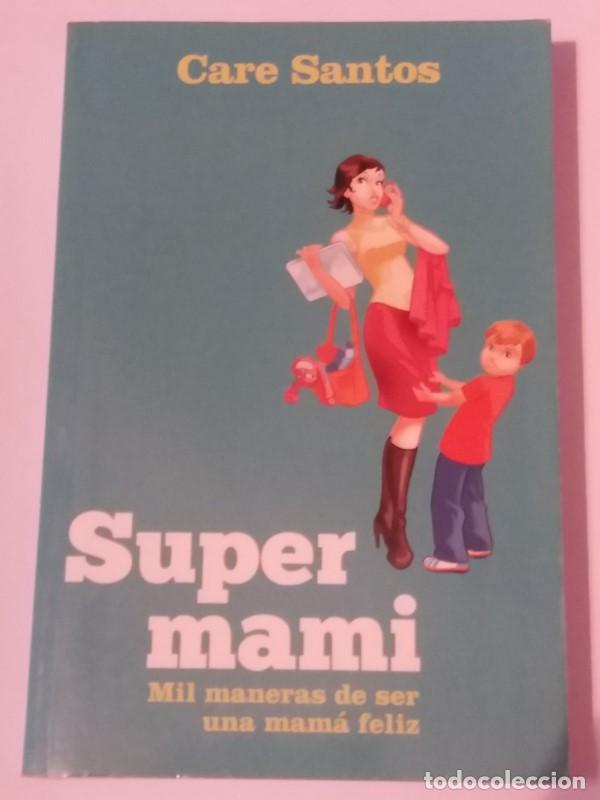Libros: Supermami - Care Santos - Foto 1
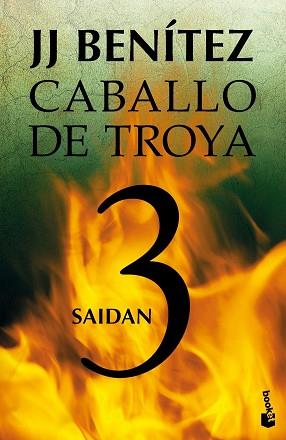 SAIDAN. CABALLO DE TROYA 3 | 9788408064053 | BENÍTEZ, J.J. | Llibreria L'Illa - Llibreria Online de Mollet - Comprar llibres online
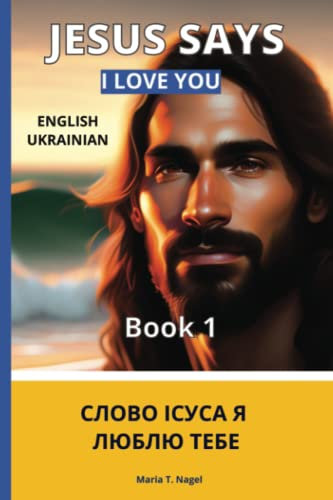 The Picture Book of Jesus: English-Ukrainian Bilingual (beautiful visual book featuring uplifting bible verses on health) Book 1 (Jesus Says, Band 1)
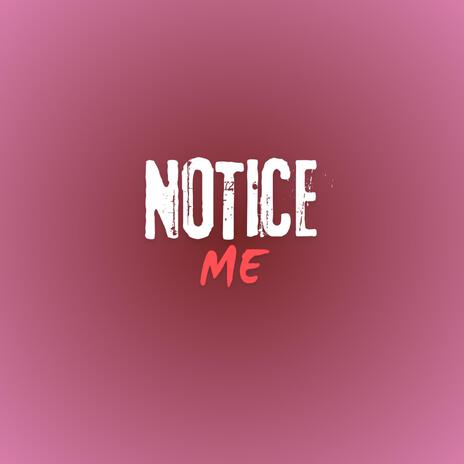 NOTICE ME | Boomplay Music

**What you should do:** All that belongs in the answer is the exact run of lines from the line containing "The Picture Book" to the end of the listing above, pictures removed.

**Exercise solution:**
 The Picture Book of Jesus: English-Ukrainian Bilingual (beautiful visual book featuring uplifting bible verses on health) Book 1 (Jesus Says, Band 1)
 NOTICE ME | Boomplay Music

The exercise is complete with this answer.